Some End of Year Optimism

by Jay Pestrichelli on August 30th, 2013

If you’ve been watching the financial news you have certainly heard on more than one occasion that September is the worst month for the equity markets.  So we thought we'd do a little digging and see what that actually meant.

What we found, going back to 195,0 was that September was indeed a negative month overall. Of the 63 years reviewed, the S&P 500 was higher in September only 28 times and lower 35 times. 55% decline rate didn’t really strike that much fear into me; so we dug a little deeper. The average gain in up years for September is 1.5% and the average loss in a down year is 2.0%. Again, the data wasn’t sending me rushing to pull the sell trigger.
If you’re the kind of investor that like to go against the herd, this seems like one of those opportunities. For the contrarian, getting long this market after a down August would seem enticing. If you did this and bucked the trend of “Sell in May and go away” you would have felt pretty smart this year.

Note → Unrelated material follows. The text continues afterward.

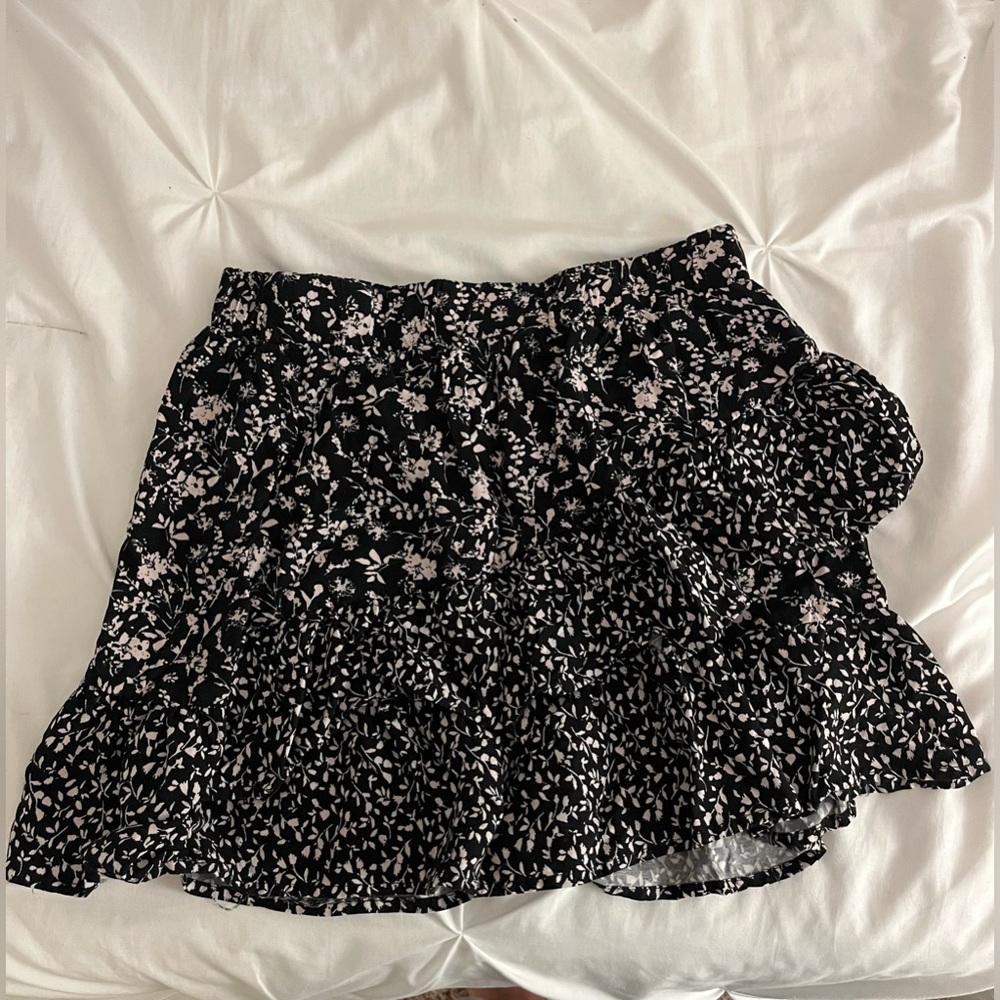 black mini skirt with flower details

Of the 28 times that September has been up since 1950, 13 (46%) of them have followed a lower August.  While those aren’t compelling odds, it’s not something to discourage the fortitude of any respectable contrarian (yes, I’m antagonizing here a little). Naturally, we’d recommend, as we always do, to hedge every investment and this is one nodifferent.
If you’d like to avoid the September valleys, you can use it as a barometer to read what happens the rest of the year.  Over time, October isn’t a particularly bad month. Since 1950 it has been up 37 times and down 26; a batting average of 58.7%. But what is more remarkable is that the 4th quarter (October through December) has been very strong. 49 out of 63 times (77.8%) the S&P has been higher from the end of September to the end of December.

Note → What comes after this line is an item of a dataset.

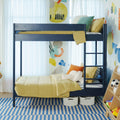 Modern navy blue kids bunk bed with yellow bedding, striped rug, colorful wall art and under-bed storage baskets in a playful children's bedroom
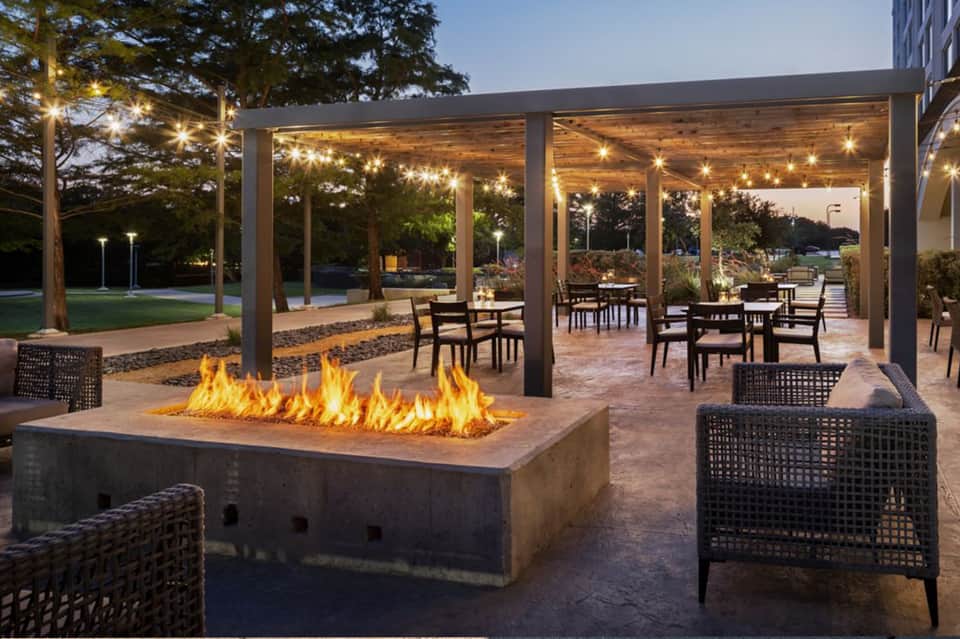 Covered patio with fireplace, dining tables, string lights, and lawn area at dusk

What is more impressive is that of the 28 times September has been an up month, 23 times (82%) October through December has also been higher. So historically speaking, if September is higher, then the odds favor additional growth from October through the end of the year.
We think this is the real history lesson and that September’s story has always been whether the Fed was going to taper or not. While that is still in play of course, the data that drove a lower August isn’t suggesting a reduction of bond buying in our near future. History tells us that the way we are currently set up, the chance for a higher September through the end of the year is greater than not.